Vi estes dias o filme: King Kong, bagatela inútil e refilmada, roteiro dos tempos de minha mãe, mais um, extremo desespero para a mente humana entender tantos efeitos, mas para que? Está tudo lá, não precisa raciocinar, está lá, mastigado, digerido, tanto que sobraram as fezes de um filme, rápido como a vida, como o capital. Pensei: o que eu estou vendo? Um gorilão com tesão em uma loirinha pular de prédio em prédio? Pois é, nem tudo é razão, por que aturar estes tipos de filme? Protestar e não ver? Não! Eu quero é ver e me sentir austero, intelectualóide e analisar os fatos pífios de um filminho horroroso. O King Kong não, ele é um herói.

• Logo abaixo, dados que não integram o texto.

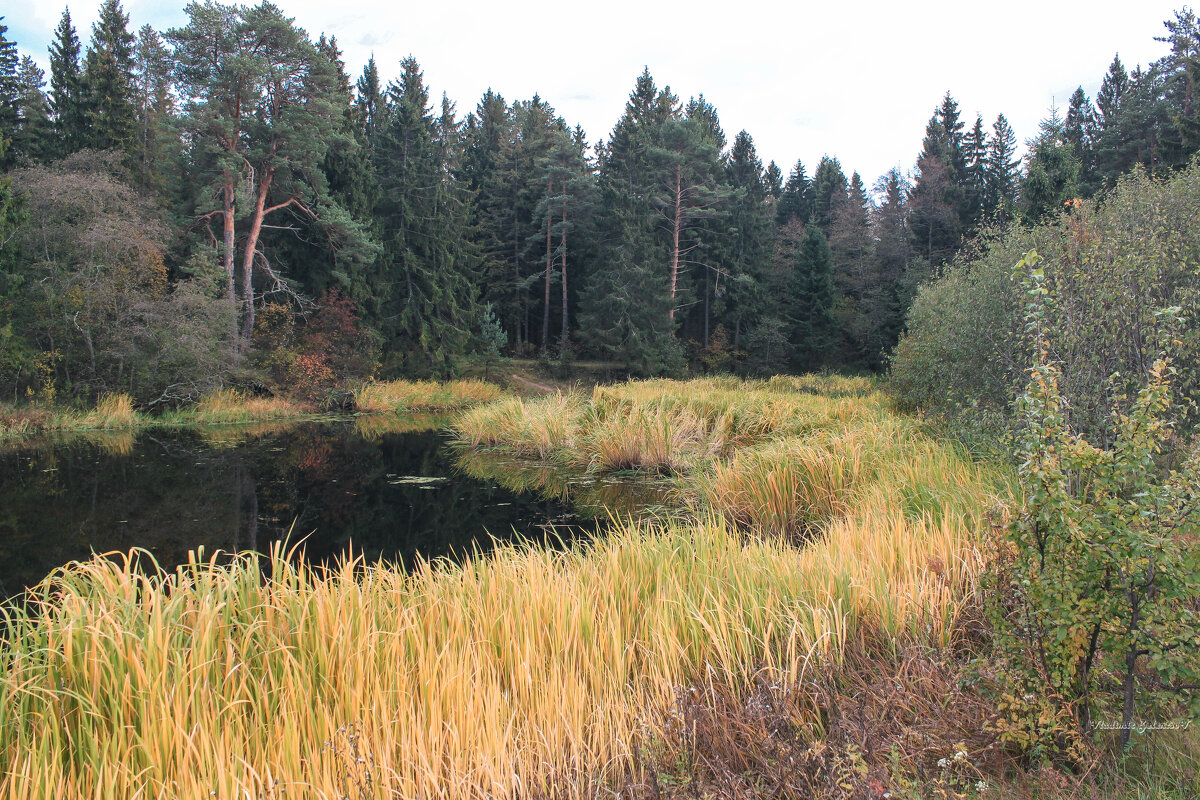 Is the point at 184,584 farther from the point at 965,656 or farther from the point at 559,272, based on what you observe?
the point at 559,272

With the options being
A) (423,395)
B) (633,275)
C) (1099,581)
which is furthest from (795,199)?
(1099,581)

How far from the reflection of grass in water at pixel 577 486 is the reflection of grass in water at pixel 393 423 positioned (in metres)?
5.28

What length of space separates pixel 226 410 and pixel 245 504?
11419 mm

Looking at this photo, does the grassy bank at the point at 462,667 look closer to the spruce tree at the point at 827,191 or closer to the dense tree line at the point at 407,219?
the dense tree line at the point at 407,219

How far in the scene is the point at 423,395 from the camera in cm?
2300

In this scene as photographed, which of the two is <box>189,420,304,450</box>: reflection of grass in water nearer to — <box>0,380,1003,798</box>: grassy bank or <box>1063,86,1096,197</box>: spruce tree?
<box>0,380,1003,798</box>: grassy bank

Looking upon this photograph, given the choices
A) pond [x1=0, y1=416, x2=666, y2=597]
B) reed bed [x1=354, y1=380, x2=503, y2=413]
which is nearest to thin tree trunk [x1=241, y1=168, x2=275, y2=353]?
reed bed [x1=354, y1=380, x2=503, y2=413]

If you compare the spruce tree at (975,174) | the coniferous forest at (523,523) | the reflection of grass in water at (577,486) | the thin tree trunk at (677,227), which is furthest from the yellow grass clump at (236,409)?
the spruce tree at (975,174)

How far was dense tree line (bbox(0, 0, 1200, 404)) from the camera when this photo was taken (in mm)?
16812

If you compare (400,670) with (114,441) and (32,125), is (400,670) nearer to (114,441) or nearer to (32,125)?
(114,441)

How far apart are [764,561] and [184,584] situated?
115 inches

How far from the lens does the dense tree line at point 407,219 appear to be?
1681cm

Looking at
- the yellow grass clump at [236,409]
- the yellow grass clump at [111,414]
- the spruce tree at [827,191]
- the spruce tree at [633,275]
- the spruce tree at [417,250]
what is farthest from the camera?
the spruce tree at [827,191]

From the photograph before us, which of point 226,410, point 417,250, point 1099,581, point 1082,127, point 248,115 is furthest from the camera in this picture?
point 1082,127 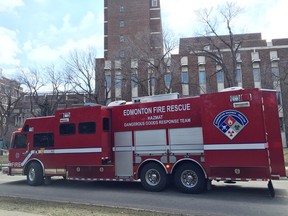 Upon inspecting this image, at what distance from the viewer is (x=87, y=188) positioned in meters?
12.9

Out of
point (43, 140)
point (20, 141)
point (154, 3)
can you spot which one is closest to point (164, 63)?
point (20, 141)

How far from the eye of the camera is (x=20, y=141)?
15172mm

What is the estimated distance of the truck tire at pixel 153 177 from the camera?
37.0 ft

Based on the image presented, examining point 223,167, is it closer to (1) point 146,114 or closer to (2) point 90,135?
(1) point 146,114

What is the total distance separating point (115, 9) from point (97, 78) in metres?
30.3

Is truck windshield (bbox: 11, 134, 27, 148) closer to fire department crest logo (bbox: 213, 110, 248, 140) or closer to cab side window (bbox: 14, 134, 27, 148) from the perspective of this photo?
cab side window (bbox: 14, 134, 27, 148)

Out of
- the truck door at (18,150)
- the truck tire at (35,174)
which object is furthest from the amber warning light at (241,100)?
the truck door at (18,150)

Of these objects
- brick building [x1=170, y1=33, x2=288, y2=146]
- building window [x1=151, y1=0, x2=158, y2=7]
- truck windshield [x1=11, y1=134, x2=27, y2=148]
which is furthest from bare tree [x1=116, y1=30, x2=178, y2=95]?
building window [x1=151, y1=0, x2=158, y2=7]

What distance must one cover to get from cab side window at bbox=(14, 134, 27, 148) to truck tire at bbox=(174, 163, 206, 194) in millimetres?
8180

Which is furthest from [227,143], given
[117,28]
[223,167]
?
[117,28]

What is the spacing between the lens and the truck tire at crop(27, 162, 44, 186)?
1417cm

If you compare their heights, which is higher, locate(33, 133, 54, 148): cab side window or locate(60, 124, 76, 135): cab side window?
locate(60, 124, 76, 135): cab side window

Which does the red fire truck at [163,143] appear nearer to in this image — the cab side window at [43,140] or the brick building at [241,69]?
the cab side window at [43,140]

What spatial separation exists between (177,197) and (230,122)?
310 centimetres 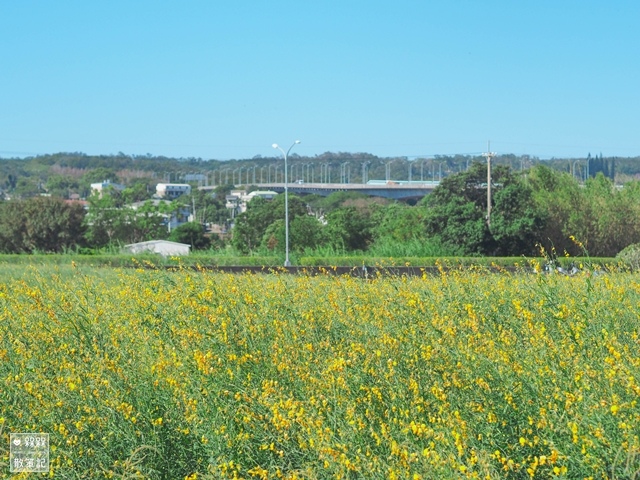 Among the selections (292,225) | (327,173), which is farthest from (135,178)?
(292,225)

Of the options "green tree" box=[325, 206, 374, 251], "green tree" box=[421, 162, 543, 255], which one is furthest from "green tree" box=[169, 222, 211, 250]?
"green tree" box=[421, 162, 543, 255]

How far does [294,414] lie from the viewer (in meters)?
4.62

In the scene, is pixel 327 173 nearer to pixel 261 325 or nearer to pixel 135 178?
pixel 135 178

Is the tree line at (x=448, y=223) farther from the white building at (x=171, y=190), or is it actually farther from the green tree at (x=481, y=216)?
the white building at (x=171, y=190)

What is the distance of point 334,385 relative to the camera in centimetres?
516

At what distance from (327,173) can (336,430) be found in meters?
159

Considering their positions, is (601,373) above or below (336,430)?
above

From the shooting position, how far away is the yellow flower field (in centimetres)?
426

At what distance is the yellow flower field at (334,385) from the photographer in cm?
426

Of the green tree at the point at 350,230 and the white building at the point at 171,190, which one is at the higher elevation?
the white building at the point at 171,190

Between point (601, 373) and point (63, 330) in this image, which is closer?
point (601, 373)

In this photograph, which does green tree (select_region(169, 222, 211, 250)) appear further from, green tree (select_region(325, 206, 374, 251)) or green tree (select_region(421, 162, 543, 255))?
green tree (select_region(421, 162, 543, 255))

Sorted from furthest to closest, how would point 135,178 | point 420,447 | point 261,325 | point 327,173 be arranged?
point 135,178, point 327,173, point 261,325, point 420,447

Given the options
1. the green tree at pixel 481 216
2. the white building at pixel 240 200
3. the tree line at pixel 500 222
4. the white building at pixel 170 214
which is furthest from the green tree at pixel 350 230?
the white building at pixel 240 200
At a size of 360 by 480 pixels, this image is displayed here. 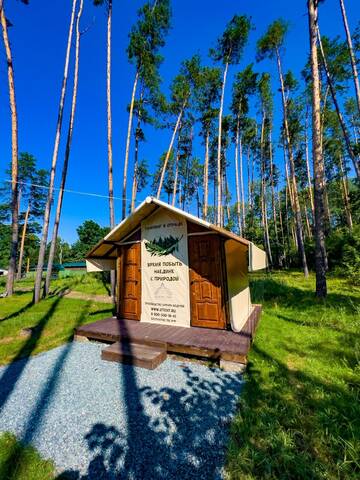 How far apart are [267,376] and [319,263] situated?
228 inches

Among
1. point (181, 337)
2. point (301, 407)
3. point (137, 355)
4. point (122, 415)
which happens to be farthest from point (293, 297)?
point (122, 415)

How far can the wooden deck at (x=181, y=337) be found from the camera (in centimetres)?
373

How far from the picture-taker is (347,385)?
116 inches

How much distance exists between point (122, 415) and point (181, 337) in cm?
188

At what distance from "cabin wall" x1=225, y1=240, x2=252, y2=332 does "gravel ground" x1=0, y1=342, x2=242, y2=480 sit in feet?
4.74

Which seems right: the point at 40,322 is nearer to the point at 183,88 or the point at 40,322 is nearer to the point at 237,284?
the point at 237,284

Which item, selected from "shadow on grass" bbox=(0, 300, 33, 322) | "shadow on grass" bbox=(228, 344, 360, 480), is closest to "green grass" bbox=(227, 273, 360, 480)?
"shadow on grass" bbox=(228, 344, 360, 480)

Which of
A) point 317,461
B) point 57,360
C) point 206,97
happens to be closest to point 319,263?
point 317,461

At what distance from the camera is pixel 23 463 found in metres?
1.95

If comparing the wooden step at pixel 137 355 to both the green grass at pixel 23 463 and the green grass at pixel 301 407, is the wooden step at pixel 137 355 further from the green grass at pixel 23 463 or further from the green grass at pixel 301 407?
the green grass at pixel 23 463

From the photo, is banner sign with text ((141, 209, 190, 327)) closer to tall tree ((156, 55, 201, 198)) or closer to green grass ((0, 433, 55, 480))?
green grass ((0, 433, 55, 480))

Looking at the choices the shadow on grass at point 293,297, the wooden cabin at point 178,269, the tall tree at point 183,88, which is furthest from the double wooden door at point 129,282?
the tall tree at point 183,88

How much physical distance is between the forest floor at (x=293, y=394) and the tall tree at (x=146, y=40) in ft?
28.8

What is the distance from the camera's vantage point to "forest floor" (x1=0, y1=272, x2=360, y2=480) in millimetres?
1855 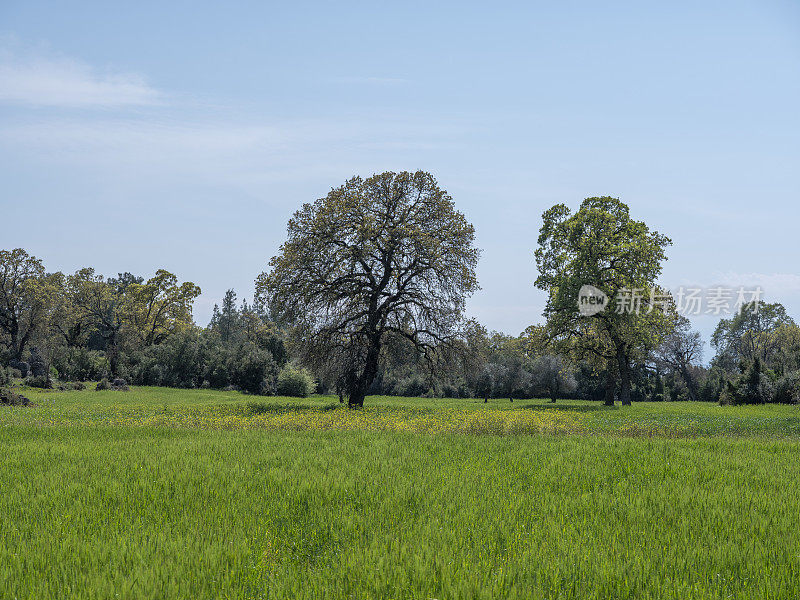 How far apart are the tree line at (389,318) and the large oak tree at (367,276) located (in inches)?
3.3

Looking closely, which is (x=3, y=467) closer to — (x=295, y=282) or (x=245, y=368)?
(x=295, y=282)

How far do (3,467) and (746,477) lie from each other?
602 inches

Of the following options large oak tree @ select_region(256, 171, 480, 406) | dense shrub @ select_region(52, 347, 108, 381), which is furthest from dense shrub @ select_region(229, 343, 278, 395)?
large oak tree @ select_region(256, 171, 480, 406)

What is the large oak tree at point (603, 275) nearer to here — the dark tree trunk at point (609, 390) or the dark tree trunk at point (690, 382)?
the dark tree trunk at point (609, 390)

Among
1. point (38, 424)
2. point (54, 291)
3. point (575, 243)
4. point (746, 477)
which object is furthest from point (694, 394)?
point (54, 291)

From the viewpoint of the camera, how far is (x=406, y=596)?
482 centimetres

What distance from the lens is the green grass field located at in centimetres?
515

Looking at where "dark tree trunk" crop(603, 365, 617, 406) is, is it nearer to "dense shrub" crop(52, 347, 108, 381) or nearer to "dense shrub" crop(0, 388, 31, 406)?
"dense shrub" crop(0, 388, 31, 406)

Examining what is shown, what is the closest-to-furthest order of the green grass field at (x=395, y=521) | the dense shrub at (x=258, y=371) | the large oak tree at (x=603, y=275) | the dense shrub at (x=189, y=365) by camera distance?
the green grass field at (x=395, y=521), the large oak tree at (x=603, y=275), the dense shrub at (x=258, y=371), the dense shrub at (x=189, y=365)

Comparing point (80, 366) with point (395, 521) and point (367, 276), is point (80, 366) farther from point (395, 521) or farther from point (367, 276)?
point (395, 521)

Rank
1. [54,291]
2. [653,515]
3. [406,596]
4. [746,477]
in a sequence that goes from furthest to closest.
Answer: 1. [54,291]
2. [746,477]
3. [653,515]
4. [406,596]

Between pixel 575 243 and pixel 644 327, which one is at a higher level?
pixel 575 243

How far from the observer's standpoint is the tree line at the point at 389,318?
2989 cm

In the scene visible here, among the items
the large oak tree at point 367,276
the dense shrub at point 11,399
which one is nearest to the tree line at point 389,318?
the large oak tree at point 367,276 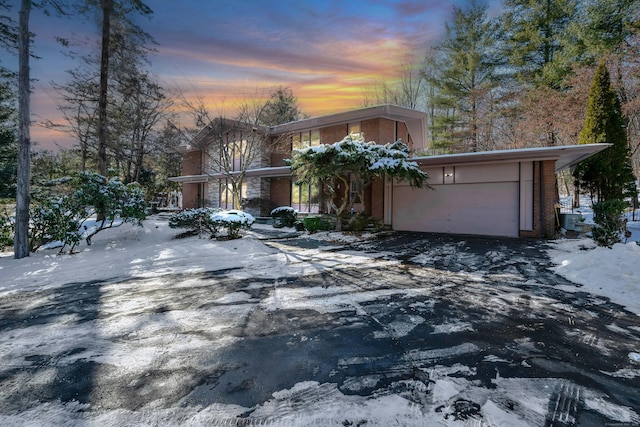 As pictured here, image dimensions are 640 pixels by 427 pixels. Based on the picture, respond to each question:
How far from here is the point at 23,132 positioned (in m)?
8.23

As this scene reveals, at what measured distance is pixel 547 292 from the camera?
4727 millimetres

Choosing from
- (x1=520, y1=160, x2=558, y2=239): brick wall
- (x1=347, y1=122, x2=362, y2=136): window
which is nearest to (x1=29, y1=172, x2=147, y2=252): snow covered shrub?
(x1=347, y1=122, x2=362, y2=136): window

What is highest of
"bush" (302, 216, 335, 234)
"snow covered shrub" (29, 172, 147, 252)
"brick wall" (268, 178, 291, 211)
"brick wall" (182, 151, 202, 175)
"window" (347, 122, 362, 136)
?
"window" (347, 122, 362, 136)

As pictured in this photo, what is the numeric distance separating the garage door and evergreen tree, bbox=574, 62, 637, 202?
4558mm

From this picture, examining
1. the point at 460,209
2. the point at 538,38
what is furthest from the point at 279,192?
the point at 538,38

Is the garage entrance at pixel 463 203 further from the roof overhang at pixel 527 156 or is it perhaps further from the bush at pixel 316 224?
the bush at pixel 316 224

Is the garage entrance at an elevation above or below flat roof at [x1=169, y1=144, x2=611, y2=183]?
below

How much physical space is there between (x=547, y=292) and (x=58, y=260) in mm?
10999

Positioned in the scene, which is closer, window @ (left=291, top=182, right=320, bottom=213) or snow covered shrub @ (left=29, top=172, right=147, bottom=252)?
snow covered shrub @ (left=29, top=172, right=147, bottom=252)

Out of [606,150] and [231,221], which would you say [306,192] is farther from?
[606,150]

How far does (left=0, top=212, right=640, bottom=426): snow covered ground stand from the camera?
1958 mm

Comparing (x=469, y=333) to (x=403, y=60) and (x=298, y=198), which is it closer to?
(x=298, y=198)

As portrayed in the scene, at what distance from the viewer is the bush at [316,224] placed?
12.9m

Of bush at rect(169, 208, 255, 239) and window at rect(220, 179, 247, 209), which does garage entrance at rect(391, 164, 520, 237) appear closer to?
bush at rect(169, 208, 255, 239)
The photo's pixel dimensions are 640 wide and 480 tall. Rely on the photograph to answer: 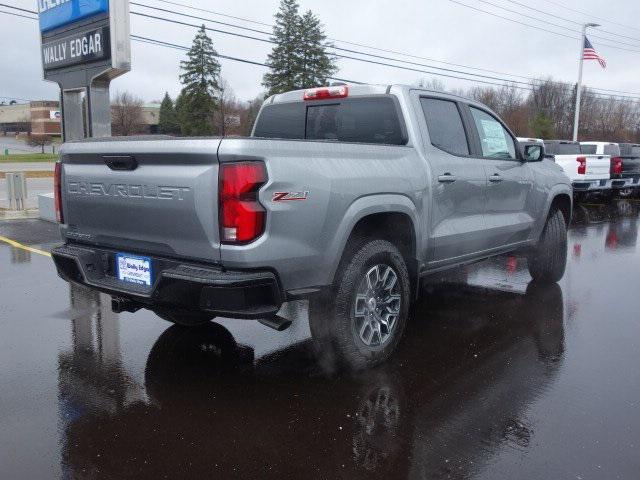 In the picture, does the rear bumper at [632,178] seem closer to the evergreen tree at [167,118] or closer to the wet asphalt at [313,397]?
the wet asphalt at [313,397]

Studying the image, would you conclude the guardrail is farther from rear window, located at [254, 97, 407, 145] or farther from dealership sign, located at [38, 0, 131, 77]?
rear window, located at [254, 97, 407, 145]

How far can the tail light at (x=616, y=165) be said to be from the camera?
50.8 feet

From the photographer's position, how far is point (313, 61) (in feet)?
163

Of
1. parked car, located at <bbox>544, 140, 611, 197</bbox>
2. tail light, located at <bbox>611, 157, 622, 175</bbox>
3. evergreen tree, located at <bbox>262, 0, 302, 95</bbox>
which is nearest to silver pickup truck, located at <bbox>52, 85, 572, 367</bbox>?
parked car, located at <bbox>544, 140, 611, 197</bbox>

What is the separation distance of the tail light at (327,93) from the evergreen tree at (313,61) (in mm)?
44325

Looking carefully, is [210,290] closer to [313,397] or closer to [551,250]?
[313,397]

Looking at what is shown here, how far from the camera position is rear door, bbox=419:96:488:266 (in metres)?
4.51

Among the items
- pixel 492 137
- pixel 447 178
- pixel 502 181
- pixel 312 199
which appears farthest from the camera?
pixel 492 137

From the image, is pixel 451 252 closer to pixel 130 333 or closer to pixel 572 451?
pixel 572 451

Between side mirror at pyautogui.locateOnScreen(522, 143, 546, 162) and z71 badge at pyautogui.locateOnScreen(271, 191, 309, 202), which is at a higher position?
side mirror at pyautogui.locateOnScreen(522, 143, 546, 162)

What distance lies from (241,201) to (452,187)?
215 cm

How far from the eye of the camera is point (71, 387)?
377cm

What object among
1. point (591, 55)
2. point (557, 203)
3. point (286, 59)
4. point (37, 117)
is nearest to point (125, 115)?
point (286, 59)

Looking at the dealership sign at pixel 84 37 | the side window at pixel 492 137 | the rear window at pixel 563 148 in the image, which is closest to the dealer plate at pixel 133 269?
the side window at pixel 492 137
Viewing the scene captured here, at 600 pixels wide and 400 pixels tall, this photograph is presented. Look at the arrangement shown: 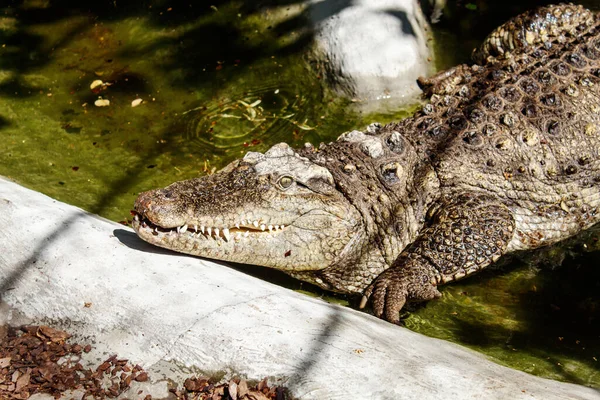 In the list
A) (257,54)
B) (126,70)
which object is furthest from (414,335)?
(126,70)

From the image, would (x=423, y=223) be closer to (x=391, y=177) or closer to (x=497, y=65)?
(x=391, y=177)

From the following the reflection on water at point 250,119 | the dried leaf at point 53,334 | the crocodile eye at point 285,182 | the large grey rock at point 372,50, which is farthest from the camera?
the large grey rock at point 372,50

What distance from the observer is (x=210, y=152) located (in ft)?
20.0

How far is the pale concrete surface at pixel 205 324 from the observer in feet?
11.1

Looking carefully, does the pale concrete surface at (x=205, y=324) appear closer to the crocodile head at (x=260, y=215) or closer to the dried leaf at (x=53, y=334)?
the dried leaf at (x=53, y=334)

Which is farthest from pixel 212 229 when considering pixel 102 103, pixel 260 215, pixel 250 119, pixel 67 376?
pixel 102 103

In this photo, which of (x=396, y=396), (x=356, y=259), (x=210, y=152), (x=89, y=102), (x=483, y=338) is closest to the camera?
(x=396, y=396)

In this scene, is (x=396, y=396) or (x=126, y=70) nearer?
(x=396, y=396)

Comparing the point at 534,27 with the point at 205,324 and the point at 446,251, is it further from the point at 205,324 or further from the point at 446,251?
the point at 205,324

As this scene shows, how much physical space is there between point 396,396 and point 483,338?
52.7 inches

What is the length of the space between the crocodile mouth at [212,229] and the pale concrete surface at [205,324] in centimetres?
13

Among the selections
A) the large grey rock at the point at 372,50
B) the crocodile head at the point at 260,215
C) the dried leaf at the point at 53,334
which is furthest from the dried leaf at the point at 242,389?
the large grey rock at the point at 372,50

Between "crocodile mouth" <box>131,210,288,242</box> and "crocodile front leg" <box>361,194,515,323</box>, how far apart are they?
763mm

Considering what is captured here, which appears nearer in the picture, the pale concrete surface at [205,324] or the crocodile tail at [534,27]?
the pale concrete surface at [205,324] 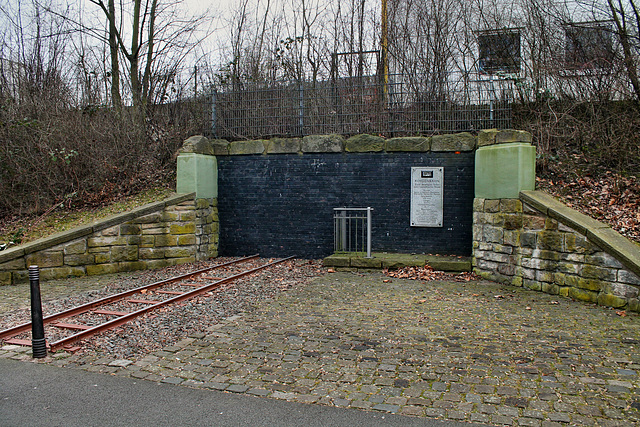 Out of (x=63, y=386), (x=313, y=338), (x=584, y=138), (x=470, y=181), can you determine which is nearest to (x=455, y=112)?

Nesta pátria mãe não muito gentil, as pessoas com o mínimo senso deveriam ver filmes assim, pois se encorajariam de ser um King Kong, forte, destemido, audaz, afinal um King Kong, bater no peito e dizer, estou aqui, pois se calado o peito esta a cuca, combater o crime que torna a atormentar a sociedade elitista fingindo nada ocorrer, salvando as vitimas diárias de falta de esperança, divertindo as criancinhas com fome e sede do nordeste, afinal em um circo Brasilis é um palco perfeito para um macacão e suas peripécias, em um mundo de covardes disputas, ignorantes e devassas políticas tão sujas e porcas, afinal, parece até um banheiro de um imenso King Kong. A atual política, não tendo espaço para o cidadão e sim um bando de timinhos oportunistas, posso fazer a biografia de cada um na disputa política, mas seu projeto de governo, falharei drasticamente em citar algum.
Ora, pois se você gostou deste filme, têm uma leve tendência a coprofilia.